May 25

Much Ado About Nothing by The Shakespeare Company is quite something

by Jenna Shummoogum · 0 comments

For any production of Much Ado About Nothing to be successful, the audience has to be rooting for Beatrice and Benedick. They have to be taken by the couple’s charm and buy into their chemistry. This is something that The Shakespeare Company and Hit & Myth Productions does well with their production of William Shakespeare’s Much Ado About Nothing, starring Myla Southward as Beatrice and Tyrell Crews as Benedick. Throw in talented cast members, a bright stage design and some creative twists along the way and you have a successful rendition of the Bard’s comedy.
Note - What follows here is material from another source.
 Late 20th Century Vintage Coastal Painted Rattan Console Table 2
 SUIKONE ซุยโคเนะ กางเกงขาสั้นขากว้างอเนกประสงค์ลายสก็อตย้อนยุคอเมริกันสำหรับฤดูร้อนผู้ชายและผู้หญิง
The play tells of Don Pedro (Joel Cochrane) who is returning from a successful battle and is invited to stay at Leonato’s (Declan O’Reilly) place for the next couple months. He brings with him Count Claudio (Mihai Dan) and Benedick. Upon seeing Hero (Natasha Strickey) Leonato’s daughter, Claudio announces his intention to court her. Benedick wishes his friend well but vows to never marry, to which his companions are skeptical. Don Pedro’s brother Don John (Conrad Belau) has other plans for the couple and develops a scheme to disgrace Hero. He recruits Borachio (Roger LeBlanc) to put his plan into action. The cast also includes the hilarious Dogberry (Trevor Rueger), musical Margaret (Jesse Lynn Northan), the fierce Antonia (Deborah Ferguson), Ursula (Meg Fahall), Friar Francis (Myron Dearden) and Armin Karame as the Watch and Messenger.

The open set design in the round at the Studio at Vertigo Theatre allows for a creative playfulness in the production, especially in the scenes where Beatrice and Benedick are convinced of the other’s love. Patrick Du Wors’ set and lighting design gives the production a bit of breathing space to allow characters to lurk in the shadows. Rebecca Toon’s costume design is flattering and especially of note are the colours used in the clothing for the masquerade.

Director Jan Alexandra Smith has made some interesting decisions in the production. She has the conversation between Benedick and Beatrice be completely serious when Hero is disgraced and it makes for a different kind of poignancy. She also has Leonato’s anger at his daughter be quite dangerous, walking that line that this play does, between comedy and tragedy.

There are sparks and a current of desire that exists in Shakespeare’s script and also in the chemistry between Benedick and Beatrice. The sparring between this duo is a lot of fun to watch. Stickey’s Hero is equally as innocent and pure, while Rueger’s Dogberry is quirky in his hilarity.

This production of Much Ado About Nothing is merriment and joy.

The Shakespeare Company and Hit & Myth Productions’ presentation of Much Ado About Nothing runs until June 2nd. More information is available online.